Soldiers waiting to explode

March 13, 2012

Anger has been growing in Afghanistan following the massacre of 16 unarmed civilians--many of them children--by a U.S. soldier on March 11. This comes in the wake of mass protests against the U.S. military after soldiers burned several copies of the Koran.

G.I. Voice runs the "pro-soldier, anti-war" Coffee Strong coffeehouse in Lakewood, Wash., providing information and resources to military personnel, veterans and their families. Its statement printed here describes the systematic failures of officials at Joint Base Lewis-McChord to provide support for GIs, despite a history suicides, assaults and other crises on and off the base.

IN THE wake of the killings of Afghan civilians by an Army staff sergeant from Joint Base Lewis-McChord (JBLM), G.I. Voice, the veteran-run nonprofit that operates the Coffee Strong resource center for soldiers near the Washington State base, has called for a Congressional investigation and hearings into "systemic failures" of the JBLM leadership.

Jorge Gonzalez, executive director of G.I. Voice/Coffee Strong said, "This was not a rogue soldier: JBLM is a rogue base, with a severe leadership problem. If Fort Lewis was a college campus, it would have been closed down years ago. G.I. Voice/Coffee Strong calls for an immediate Congressional investigation, and hearings into the multiple crises coming from this Rogue Base."

The military newspaper Stars and Stripes in 2010 called JBLM the "most troubled base in the military," quoting retired Army Gen. Barry McCaffrey on the base's "severe leadership problem." A Los Angeles Times article in 2011 called JBLM a "base on the brink" after a wave of suicides among soldiers sent on repeated deployments.

Cadets return to Fort Lewis from a training exercise
Cadets return to Fort Lewis from a training exercise (Jesse Beals)

In October 2011, G.I. Voice/Coffee Strong called for Sen. Patty Murray and Rep. Adam Smith to launch an investigation into the "suicide epidemic" at JBLM, but the two members of Congress took no action. G.I. Voice's "Base on the Brink" campaign was in conjunction with the Iraq Veterans Against the War (IVAW) Operation Recovery campaign, demanding that traumatized military personnel not be redeployed to war zones, because of the severe risks to themselves and to others.

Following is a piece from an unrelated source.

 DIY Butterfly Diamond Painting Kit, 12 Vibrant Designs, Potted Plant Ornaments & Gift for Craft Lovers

Gonzalez reiterated the earlier call for an investigation and requested that it be expanded to the multiple systemic failures at JBLM, and to hold congressional hearings on these urgent issues. Gonzalez commented:

In 10 years of war, JBLM has produced a Kill Team, suicide epidemic, denials of PTSD treatment, denials of human rights in the brig, spousal abuse and a waterboarded daughter, murders of civilians (including a park ranger), increased sex crimes, substance abuse, DUIs, police shootings of GIs, police violence toward protesters, differential treatment of GIs, and much more. These abuses are not because of a few bad apples, but because of the base's systematic dehumanization of soldiers and civilians, both in occupied countries and at home.

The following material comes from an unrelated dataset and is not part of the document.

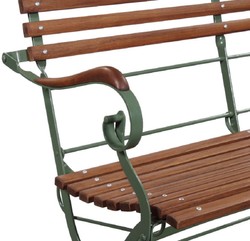 Casa Padrino panca da giardino Art Nouveau di lusso marrone / verde 120 x 55 x A. 90 cm - Panca da giardino e patio con schienale e braccioli - Mobili da Giardino e Patio Art Nouveau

The killings of 16 Afghan civilians in Panjway District near Kandahar, a center of JBLM deployments in Afghanistan, came weeks after a report to the Pentagon by Army Lt. Col. Daniel Davis, in which he stated:

Senior ranking U.S. military leaders have so distorted the truth when communicating with the U.S. Congress and American people in regards to conditions on the ground in Afghanistan that the truth has become unrecognizable. This deception has damaged America's credibility among both our allies and enemies, severely limiting our ability to reach a political solution to the war in Afghanistan.